Required work => An exact transcription of the entries is required, with no images included.

Caption-style text data
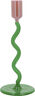 Ljusstake Styles 8,5 x 19,6 cm Grön/Rosa Glas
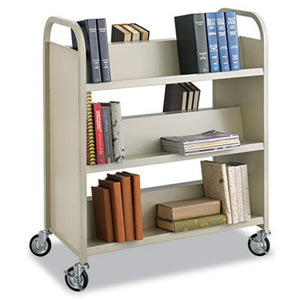 Generic Steel Book Cart, Six-Shelf, 36w x 18-1/2d x 43-1/2h, Sand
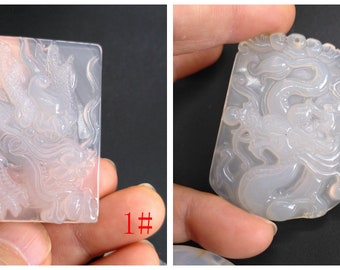 Chinese Dragon pendant, rectangular chalcedony Agate stone pendant, Charm Agate pendant,Link gemstone bead, Healing for making necklace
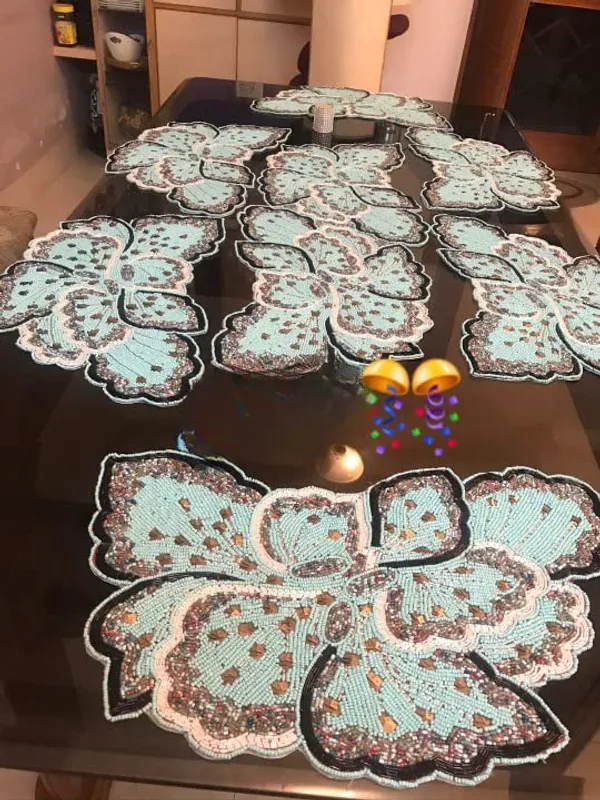 Multicolor_Best_Export_Quality_Jacquard_Cotton_Dining_Table_Mats_5_Pieces_With_Runner_-(Set_Of_5_,One_Runner_Nd_4_Placemats)_(Mats-_14"_X_12"_And_Table_Runner-_36"_X_13",)_Turquise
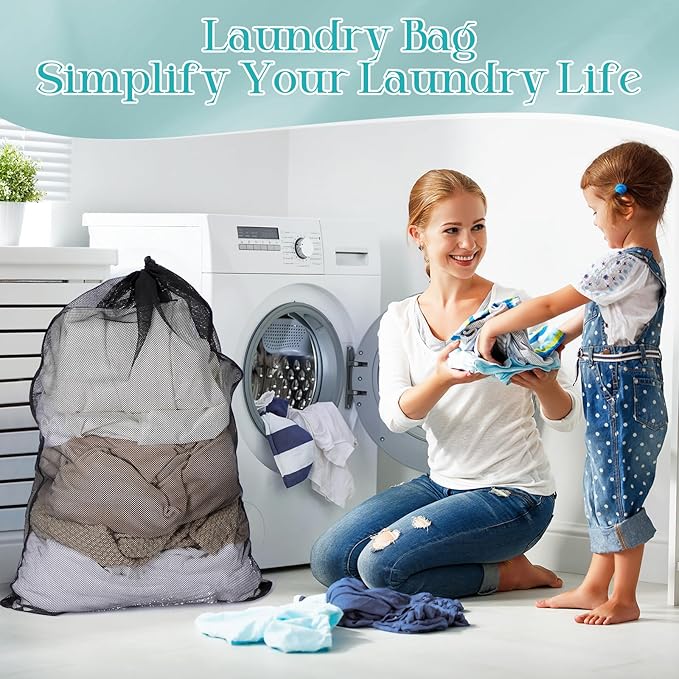 Aliceset 4 Pcs 24 x 36 Inches Mesh Laundry Bags with Drawstring Black Heavy Duty Mesh Laundry Bag with Handles Machine Washable Sheet for College Dormitory Family and Apartment Dwellers-CubbioJoy
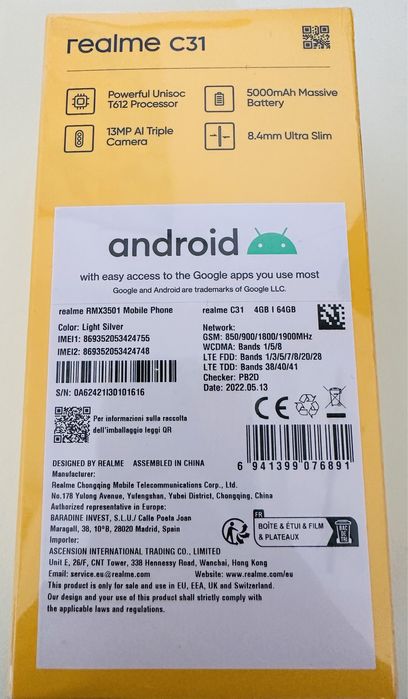 Vand Telefon mobil Android Realme C31, Dual SIM, 4GB RAM, 64GB, 4G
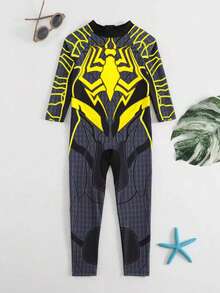 Traje de baño de una pieza con protección UV para niños pequeños, con estampado de araña abstracta de dibujos animados y manga larga - Amarillo - Ver 1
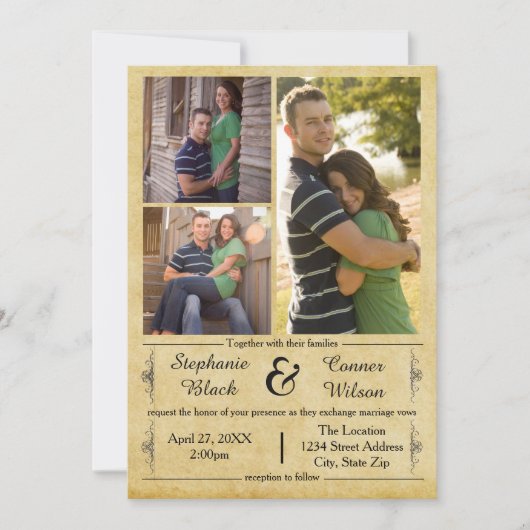 Antiquitätenpapier 3 Fotos - Einladung zur Hochzei (Vorderseite)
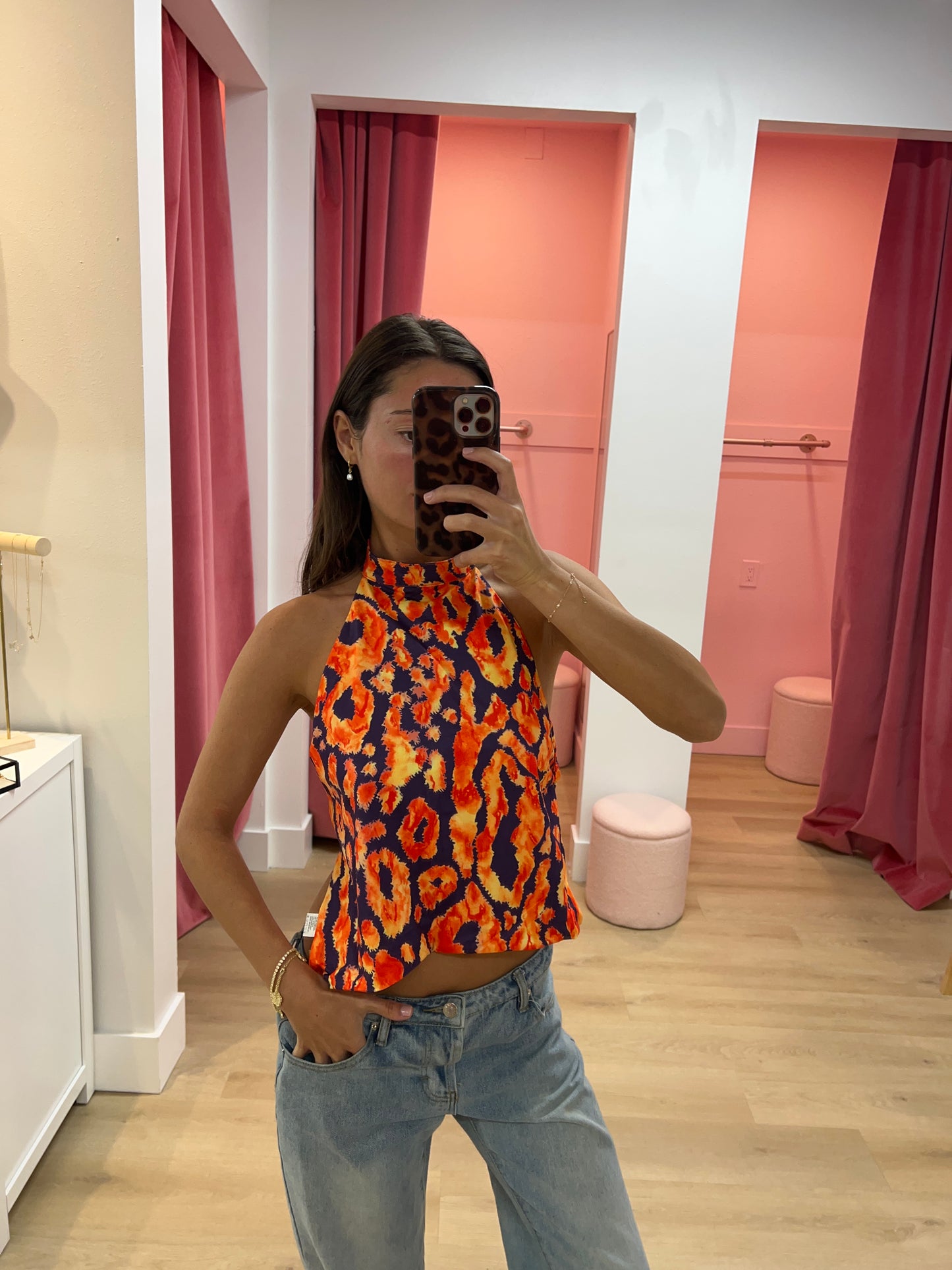 Olivia Polka Dot Halter Top - Fire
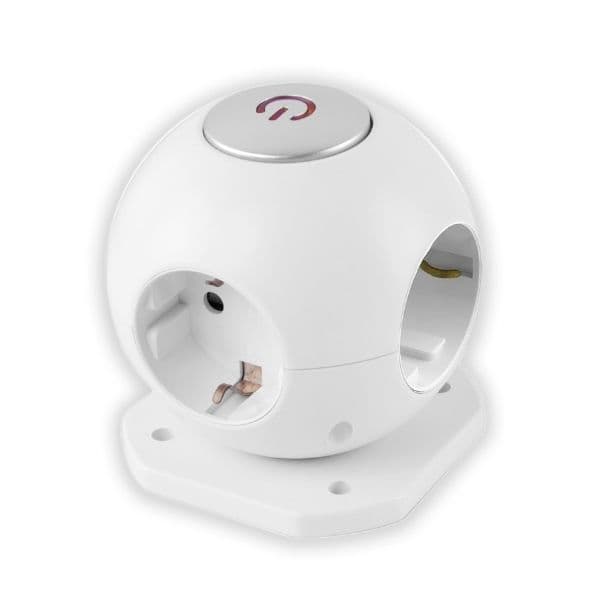 POWER BALL designová prodlužovačka - 4 zásuvky SCHUKO, 1,5m, bílý s vypínačem 3G1.5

Task response =>
 Ljusstake Styles 8,5 x 19,6 cm Grön/Rosa Glas
 Generic Steel Book Cart, Six-Shelf, 36w x 18-1/2d x 43-1/2h, Sand
 Chinese Dragon pendant, rectangular chalcedony Agate stone pendant, Charm Agate pendant,Link gemstone bead, Healing for making necklace
 Multicolor_Best_Export_Quality_Jacquard_Cotton_Dining_Table_Mats_5_Pieces_With_Runner_-(Set_Of_5_,One_Runner_Nd_4_Placemats)_(Mats-_14"_X_12"_And_Table_Runner-_36"_X_13",)_Turquise
 Aliceset 4 Pcs 24 x 36 Inches Mesh Laundry Bags with Drawstring Black Heavy Duty Mesh Laundry Bag with Handles Machine Washable Sheet for College Dormitory Family and Apartment Dwellers-CubbioJoy
 Vand Telefon mobil Android Realme C31, Dual SIM, 4GB RAM, 64GB, 4G
 Traje de baño de una pieza con protección UV para niños pequeños, con estampado de araña abstracta de dibujos animados y manga larga - Amarillo - Ver 1
 Antiquitätenpapier 3 Fotos - Einladung zur Hochzei (Vorderseite)
 Olivia Polka Dot Halter Top - Fire
 POWER BALL designová prodlužovačka - 4 zásuvky SCHUKO, 1,5m, bílý s vypínačem 3G1.5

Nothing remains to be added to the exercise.